- [TASK DIRECTIONS] The listing is to be returned word for word, without its images.

- [PROVIDED DATA]
========
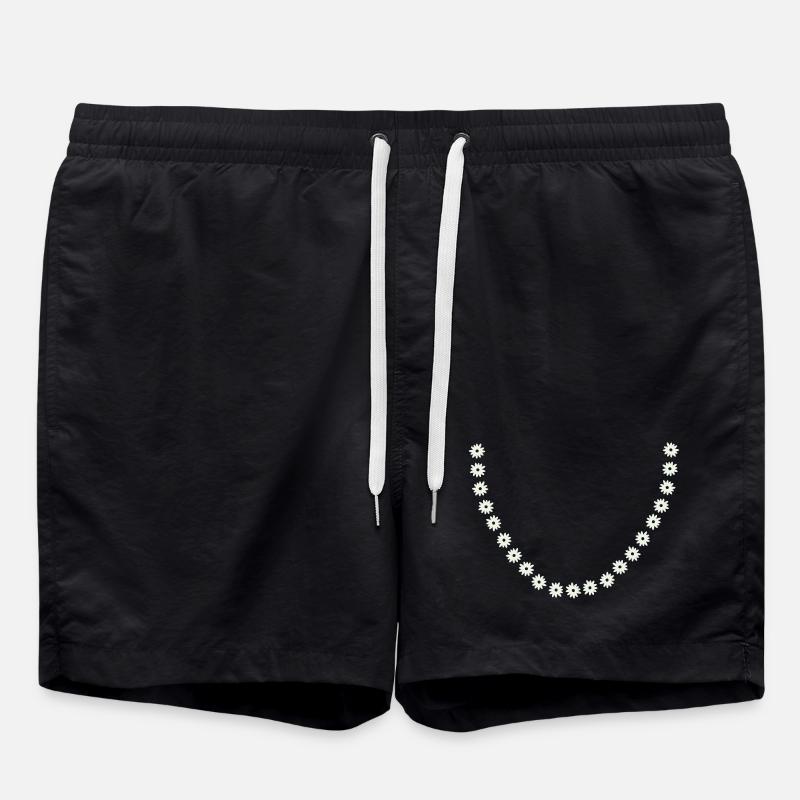 Gänseblümchen Blumenkranz - Badeshorts - Schwarz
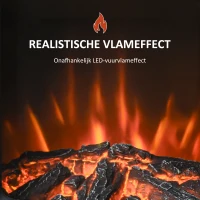HOMCOM Elektrische kachel met vlameffect thermostaat 1000 W / 2000 W 20 ㎡ zwart metaal 25 x 25,4 x 52 cm(m-4)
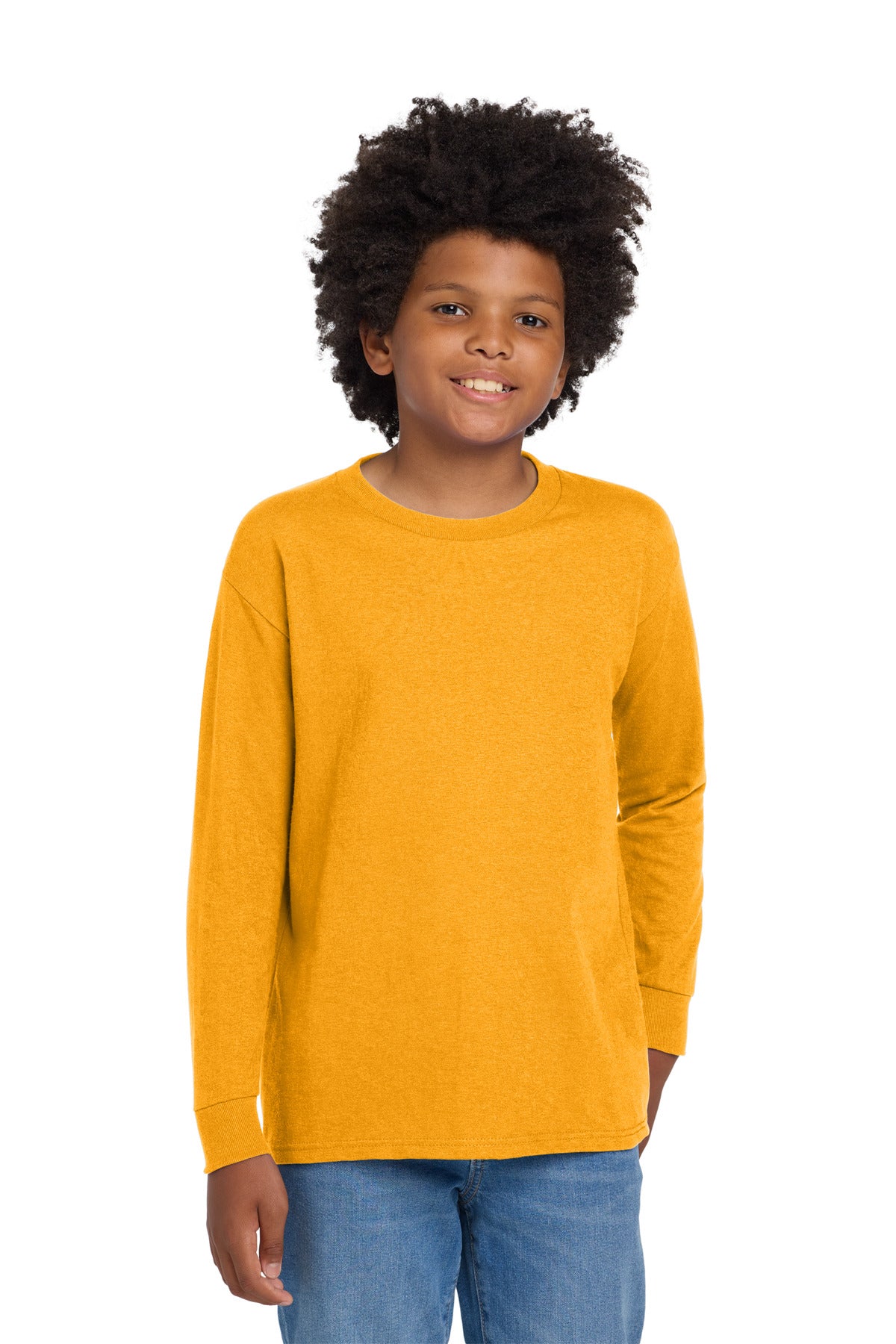 Custom Gold Heavy Cotton 100% Cotton Long Sleeve Tee 5400B, personalized by SanCanDo Swag in Argyle, TX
========
- [WORKED SOLUTION]
 Gänseblümchen Blumenkranz - Badeshorts - Schwarz
HOMCOM Elektrische kachel met vlameffect thermostaat 1000 W / 2000 W 20 ㎡ zwart metaal 25 x 25,4 x 52 cm(m-4)
 Custom Gold Heavy Cotton 100% Cotton Long Sleeve Tee 5400B, personalized by SanCanDo Swag in Argyle, TX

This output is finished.